What message has this life for us to-day, we the commonplace, the mediocre, the unknown to fame and fortune? Shall we fold our hands when we read of such heroes and say, "Ah, yes, he could be great, but I? I am weak and humble, I have not the opportunity?" Who was more humble than the poor boy spinning in the cotton-mill; who was less constrained by Fortune's frowns than the humble missionary? His life brings to us the message of doing well with that little we have.
We cannot all be with Peary at the North Pole, nor die the death of the hero, Scott, on the frozen Antarctic continent. It is not given to us to be explorers; it is not given us to be pioneers; we may not discover vast continents, name great lakes, nor gaze with wonder-stricken eyes upon the rolling of a mighty unknown river. But to each and all of us comes the divine opportunity to carve for himself a niche, be it ever so tiny, in the memories of men. We can heed the admonition of Carlyle, "Be no longer a Chaos, but a World, or even a Worldkin. Produce! Produce! Were it but the pitifullest infinitesimal fraction of a Product, produce it in God's name! 'Tis the utmost thou hast in thee, out with it then!"
The life of service; the life of unselfish giving—this must Livingstone's life mean to us. Unselfish, ungrudging lavishing of life and soul, even to the last drop of heart's blood. Service that does not hesitate because the task seems small, or the waiting weary; service that does not fear to be of no account in the eyes of the world. Truly, indeed, might Wordsworth's apostrophe to Milton be ascribed to him:
"Thy soul was like a star and dwelt apart;
Thou hadst a voice whose sound was like the sea;
Pure as the naked heavens, majestic, free,
So didst thou travel on life's common way
In cheerful godliness, and yet thy heart
The lowliest duties on itself did lay."
EDUCATION FOR MANHOOD[48]
By Kelly Miller
We must keep clearly in mind the proposition that the educational process is always under domination of contemporary opinion. The education prescribed for any class is likely to be conditioned upon the presumed relationship of that class to the social body. When woman was regarded as an inferior creature, whose destiny was to serve as a tool and plaything of man, she was accorded only such education as would fit her for this subsidiary function. Any other training was regarded as unnecessary and mischievous. It is only within comparatively recent times, when man began to realize the essential human quality and powers of the female sex, and deemed it not mockery to place her on the same footing with himself, that the comprehensive education of woman has become a possibility.

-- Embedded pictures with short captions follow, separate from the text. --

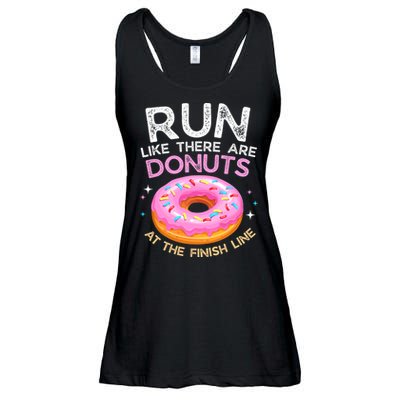 Funny Donut Finish Line Marathon Gift Ladies Essential Flowy Tank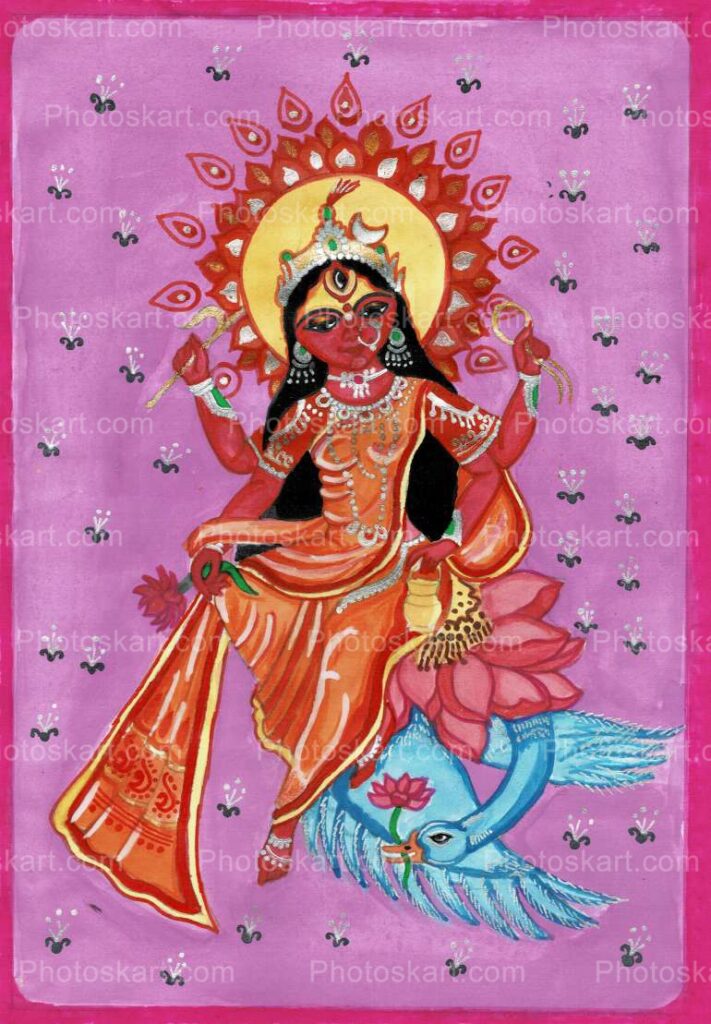 Hand drawing of indian hindu goddess saraswati Vector Image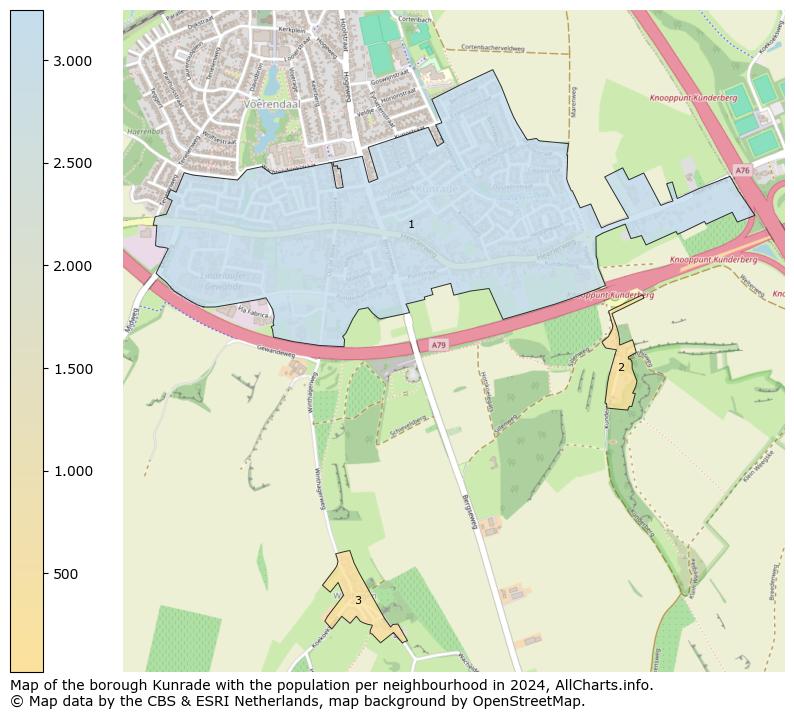 Image of the borough Kunrade at the map. This image is used as introduction to this page. This page shows a lot of information about the population in the borough Kunrade (such as the distribution by age groups of the residents, the composition of households, whether inhabitants are natives or Dutch with an immigration background, data about the houses (numbers, types, price development, use, type of property, ...) and more (car ownership, energy consumption, ...) based on open data from the Dutch Central Bureau of Statistics and various other sources!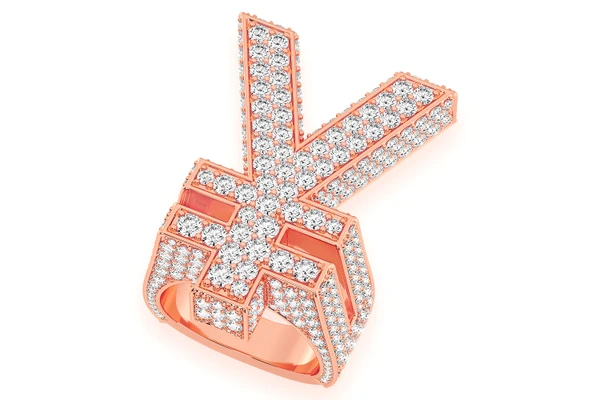 Yen Symbol Signet Diamond Ring 14k Solid Gold 8.50ctw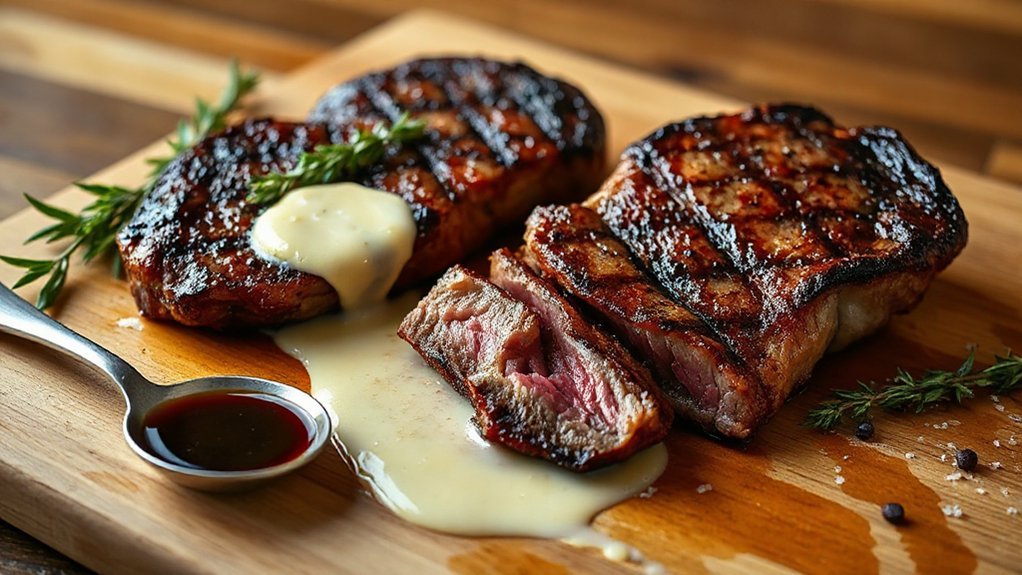 butter basted steak with herbs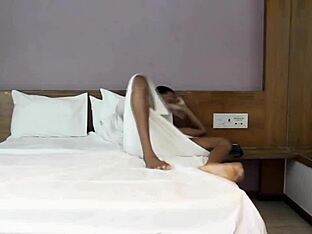 Amateur gay couple's hotel room action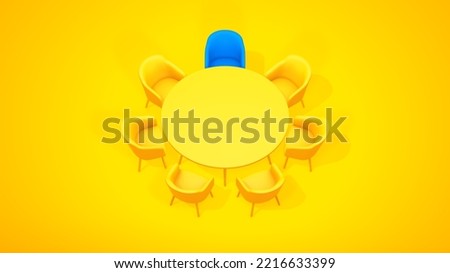 Similar – Image, Stock Photo Seven chairs and a table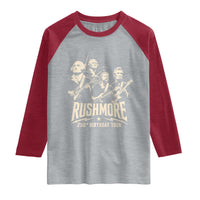 Rushmore 250th Birthday Tour Band Raglan Shirt Presidents Rock Concert Historical Collages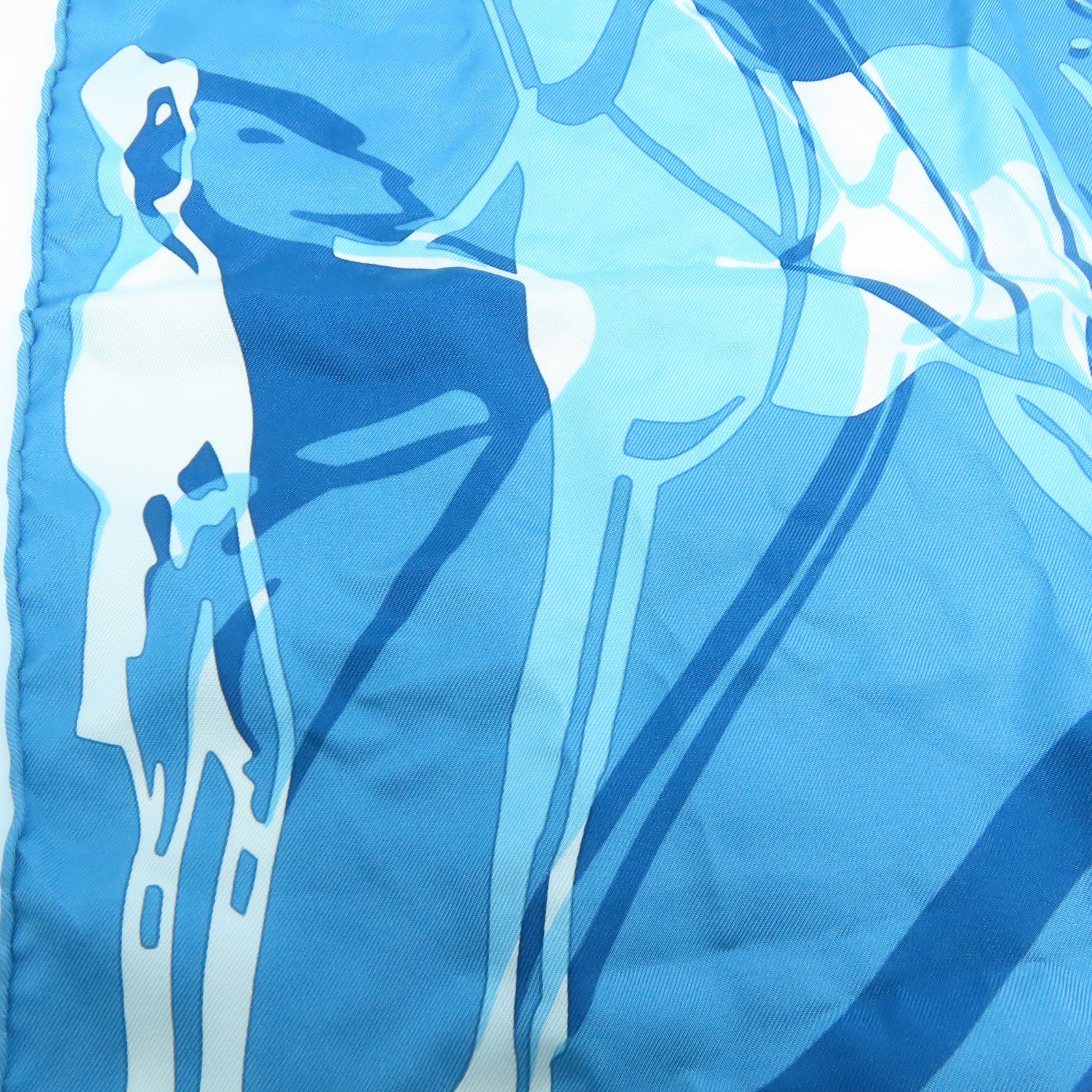 HERMES 絲質Scarf 45x45絲巾藍色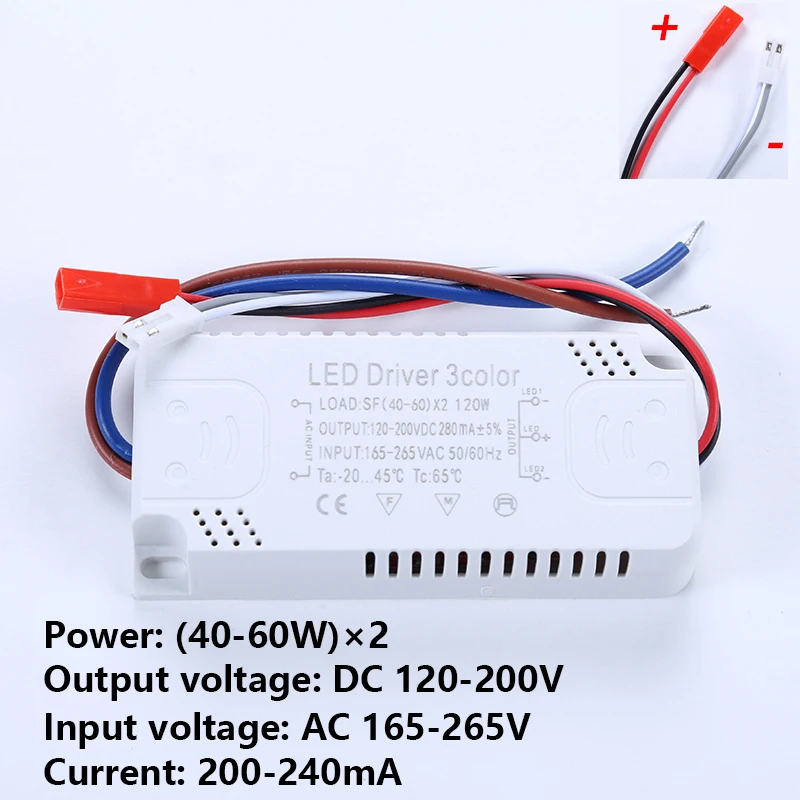 De înaltă Calitate 3colors Driver LED 12-24W 20-40W 30-50W 40-60W Adaptor Pentru Alimentare AC 165-265V Unitate de Iluminat, Transformatoare . ' - ' . 5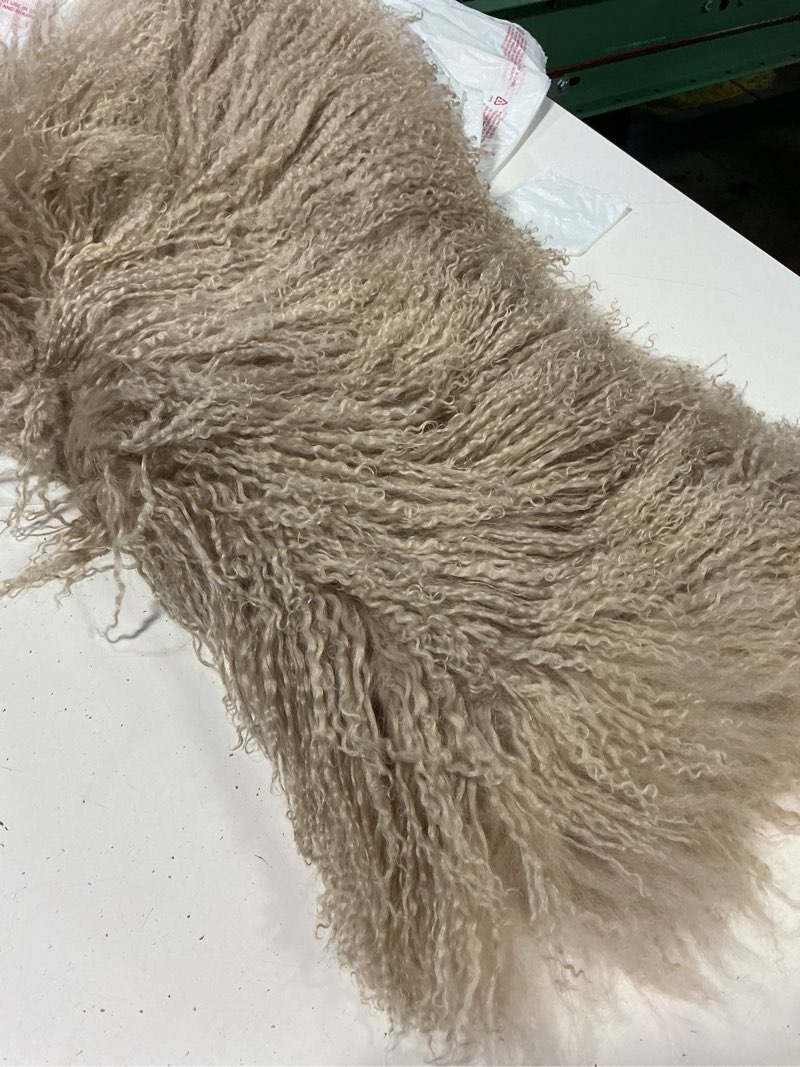 Condition photo showing Good Condition for luxe mongolian lamb pillow cover khaki 20x20
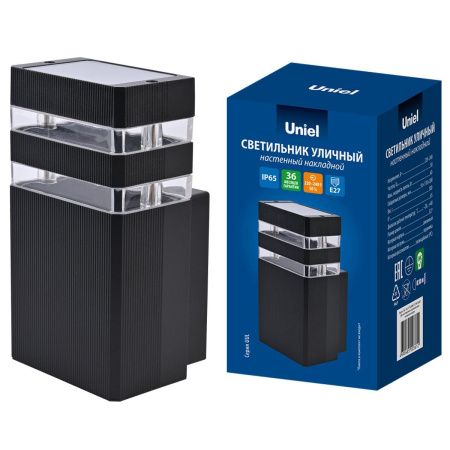 Уличный настенный светильник Uniel UUL-S17A 60W/E27 IP65 BLACK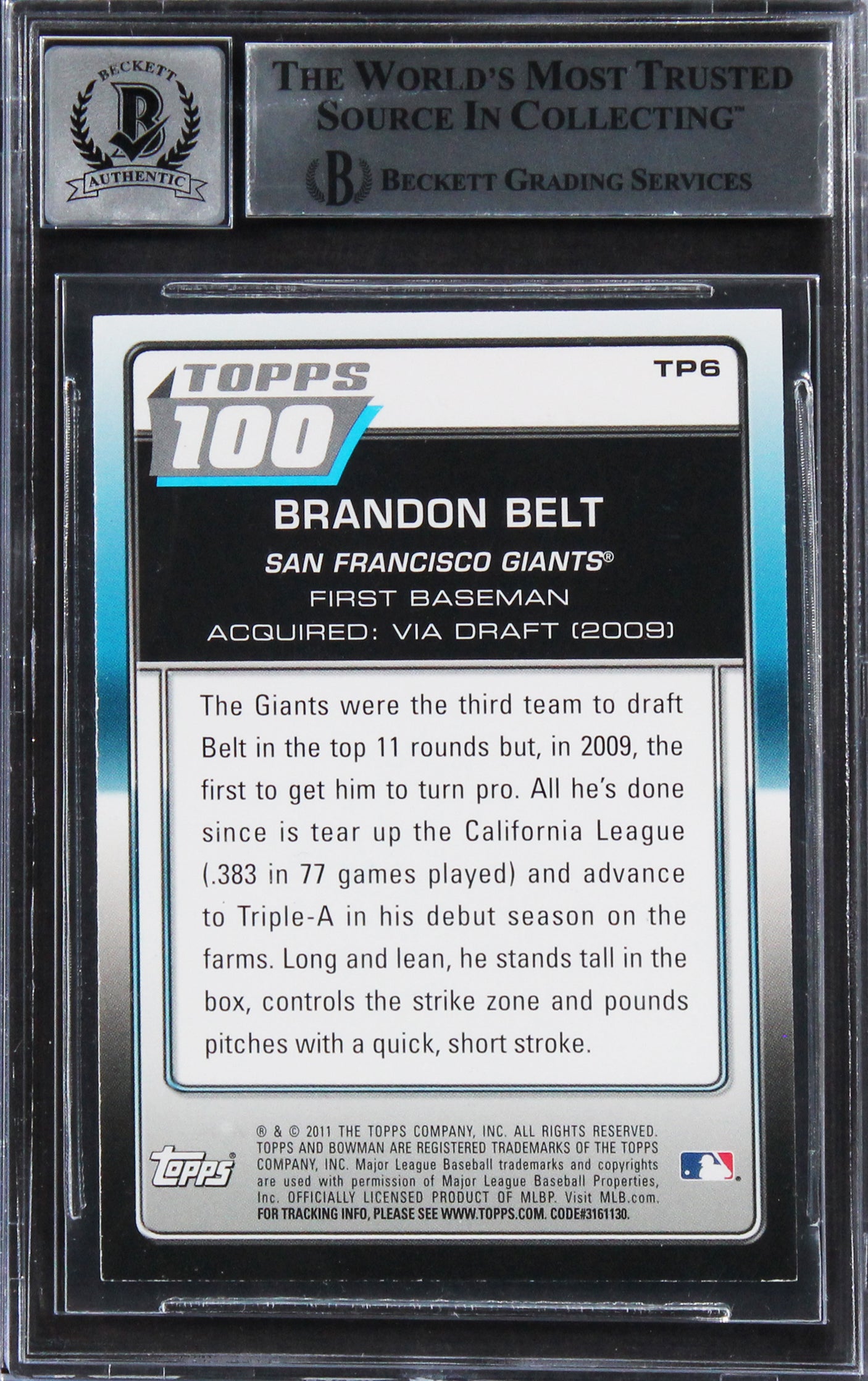 Marlins Brandon Belt Signed 2011 Bowman Topps 100 #TP6 Card Auto 10! BAS Slabbed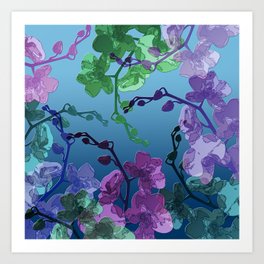 Orchid garden Art Print | Purple, Orchids, Flowes, Digital, Garden, Pink, Green, Collage, Blue 
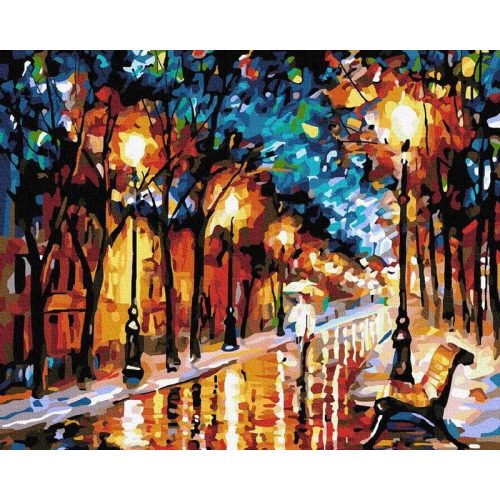 Városi park éjjel - Számos kifestő keretre feszítve (40x50 cm)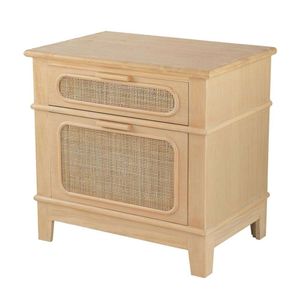 A&B Home 69.6 Cm L Rectangular Brown Mdf/pine/rattan/pine Veener Bedside Decorative Table, Bedroom Furniture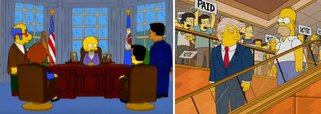 Episódio exibido em março de 2000 da série The Simpsons mostrou o empresário norte-americano Donald Trump como presidente dos EUA; no episódio "Bart to The Future", a personagem Lisa Simpson se torna presidente dos EUA após o mandato de Trump e diz que "herdou uma grande dívida" e que "o país estava quebrado"; "Parecia lógico que essa seria a última parada antes de atingir o fundo do poço. Foi colocado no episódio porque combinava com a visão de que os EUA estavam ficando loucos", afirmou o roteirista da história Dan Greaney, em março deste ano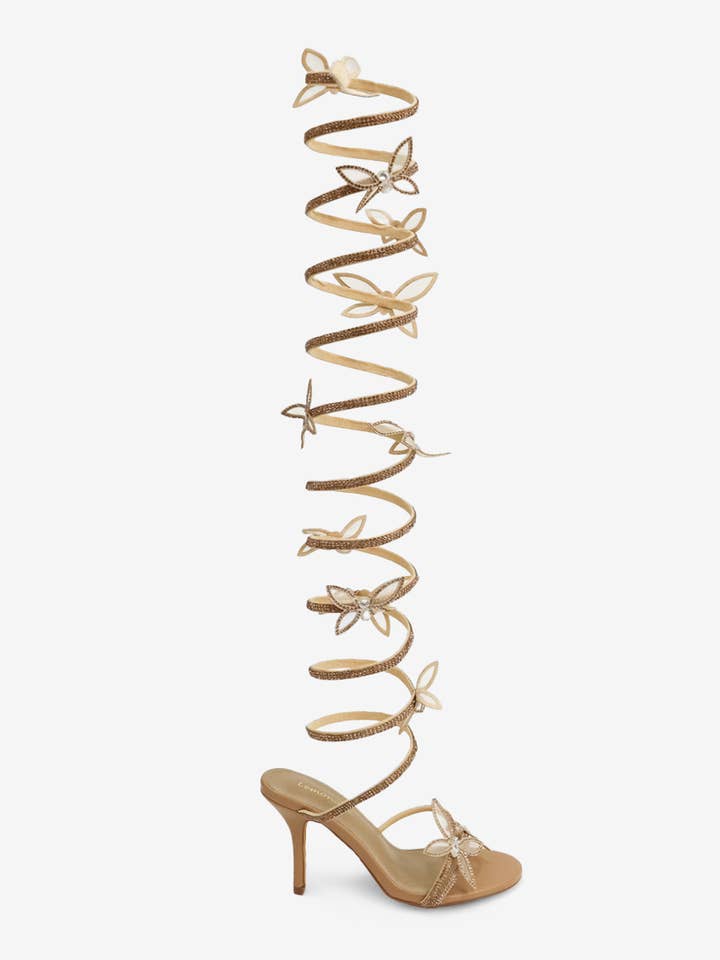 Lemonade Shoes - Wholesale High Heels - Women's - DRAMATIC FANTASY - Wrap-Around Stiletto Heel w/ Butterflies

The traditional relation of the American Negro to the society of which he forms a part is too well known to need extensive treatment in this connection. The African slave was introduced into this country as a pure animal instrumentality to perform the rougher work under dominion of his white lord and master. There was not the remotest thought of his human personality. No more account was taken of his higher qualities than of the higher susceptibilities of the lower animals. His mission was considered to be as purely mechanical as that of the ox which pulls the plow. Indeed, his human capabilities were emphatically denied. It was stoutly contended that he did not possess a soul to be saved in the world to come nor a mind to be enlightened in the world that now is. Under the dominion of this dogma, education was absolutely forbidden him. It became a crime even to attempt to educate this tertium quid which was regarded as little more than brute and little less than human. The white race, in its arrogant conceit, constituted the personalities and the Negro the instrumentalities. Man may be defined as a distinction-making animal. He is ever prone to set up barriers between members of his own species and to deny one part of God's human creatures the inalienable birthright vouchsafed to all alike. But the process was entirely logical and consistent with the prevailing philosophy.
The anti-slavery struggle stimulated the moral energy of the American people in a manner that perhaps has never had a parallel in the history of vicarious endeavor. "One touch of nature makes the whole world kin." In dealing with fundamental principles of human rights and human wrongs involved in the issue of slavery, these moral reformers found that the Negro was a human being, endowed with heart and mind and conscience like as themselves; albeit these powers of personality had long been smothered and imbruted by centuries of suppression and harsh usage. These philanthropists believed in the essential manhood of the Negro. This belief was the chief dynamic of their endeavor. Upon this foundation they not only broke the Negro's chain, but clothed him with political and civic prerogative as an American citizen. They established schools and colleges and universities for him because they believed in his higher susceptibilities. To-day we are almost astounded at the audacity of their faith. They projected a scheme of education comparable with the standards set up for the choicest European youth for a race which had hitherto been submerged below the zero point of intelligence. These schools and colleges founded and fostered on this basis were the beginnings of the best that there is in the race and the highest which it can hope to be.